Beatificação de Oscar Romero revela luta simbólica em torno do mártir católico – Por Rodrigo Coppe Caldeira
"Nós não somos
demagogicamente a favor de uma classe social; nós somos a favor do Reino de
Deus, e nós queremos promover justiça, amor, e compreensão, onde quer que haja
um coração bem disposto", Mons. Oscar Romero em homilia proferida em 1979.
Que a comunicação seja um
fenômeno complexo, marcado por mediações por onde atravessam os signos
linguísticos, que são difundidos, recepcionados e apropriados de maneiras
diferentes, é um fato indiscutível.
O tema da apropriação nessa seara é um dos
mais instigantes. Tratei dele, de alguma forma, quando escrevi um artigo para
a Folha de S. Paulo que perguntava em seu título se o pontífice era
comunista.
Lá, observei a existência de grupos à esquerda e à direita do
espectro político que se apropriavam de Francisco, fazendo dele um propugnador
de seus ideais, como tenta o primeiro grupo, ou um inimigo da Igreja e sua
tradição, como advoga o segundo.
Ontem me deparei com um artigo de
Frei Betto em sua coluna no O Globo. O articulista tratava da beatificação
do arcebispo de San Salvador Dom Oscar Romero, contumaz defensor dos direitos
humanos em seu país dividido pela guerra civil. Num dos trechos do texto
afirmou:
"Para os católicos conservadores, canonizar Romero significaria
sacralizar a Teologia da Libertação, da qual se tornara adepto ao fazer opção
pelos pobres."
A frase faz o leitor concluir duas coisas: que Romero, ao
fazer a opção pelos pobres, se tornara automaticamente adepto da Teologia da
Libertação, e que os "católicos conservadores" acreditam que o arcebispo
pertencia a essa corrente teológica, o que pode ser uma verdade apenas parcial,
relativo, no caso, aos mal informados.
Os usos da figura de Dom Romero
pela chamada "esquerda católica" latino-americana, com o intuito de
fazer dele um de seus baluartes, percorre o mesmo caminho da apropriação do
papa Francisco como imagem e semelhança de suas causas políticas. Se aplicamos
a conclusão de Betto universalmente, Francisco também se tornaria um adepto da
Teologia da Libertação "ao fazer opção pelos pobres".
Na América
Central podemos encontrar camisetas que trazem Romero ao lado de Salvador
Allende e Che Guevara. Num futuro próximo, talvez Francisco esteja entre os
personagens.
Betto relembra no início de seu
texto, no entanto, que Romero demonstrava "nítidas tendências conservadoras"

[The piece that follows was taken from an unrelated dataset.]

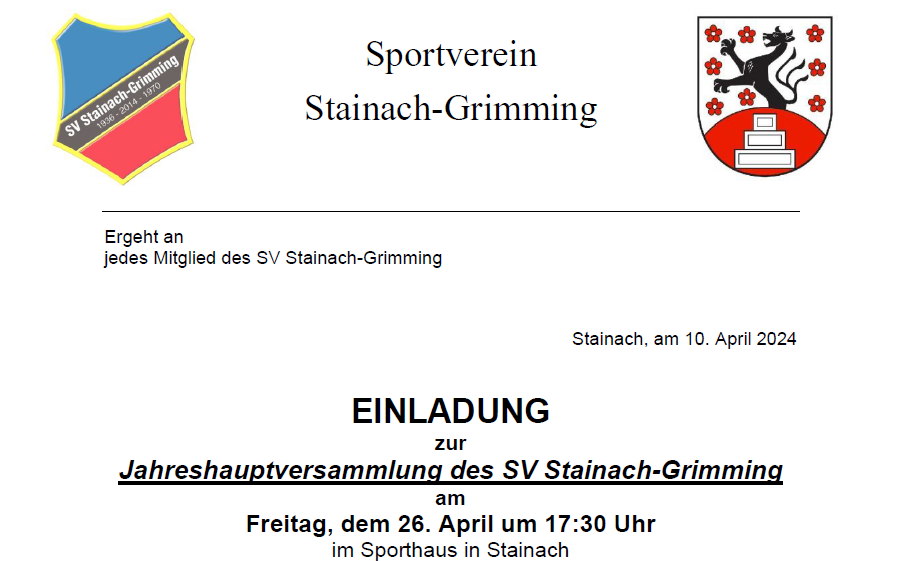 26.04.2024 Jahreshauptversammlung des SV Stainach-Grimming, Sportzentrum Stainach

e que era "avesso à Teologia da Libertação". De fato, o era. E pelo
que consta, parece nunca ter se afastado dessa posição, como o frei quer fazer
crer. Segundo seu secretário pessoal, Mons. Jesús Delgado, Romero nunca
tinha se interessado por essa perspectiva teológica.
Os livros que ganhava dos
teólogos da libertação que o visitava eram deixados de lado pelo bispo. Nunca
os lia, de acordo com o secretário. A pastoral de Romero era profundamente
inspirada no Evangelho.
Segundo Delgado, "da Teologia da Libertação não
sabia nada [...] ele estava aderido fielmente à Igreja Católica e sobretudo à
doutrina dos papas".
O site do Opus Dei
movimento conservador da Igreja Católica fundado por São José Maria Scrivá,
considerado um antípoda dos católicos progressistas, traz com júbilo em 15 de
fevereiro de 2015 a notícia da beatificação do salvadorenho.
Segundo
Dom Javier Echevarria, prelado do grupo, Romero foi um dos primeiros bispos a
se manifestar ao papa Paulo VI defendendo a abertura do processo de canonização
de Scrivá.
O assassinato do bispo salvadorenho no dia 24 de março de 1980 foi
precedido, segundo o site, de uma "convivência para sacerdotes organizada
por sacerdotes do Opus Dei", com a presença de Romero. Além do mais,
Romero teria profunda admiração pela espiritualidade do grupo.
Uma volta pela web e encontro artigo do
jornal El País intitulado: "Papa aprova a beatificação do maior
nome da Teologia da Libertação". O jornal espanhol já escolheu o seu lado.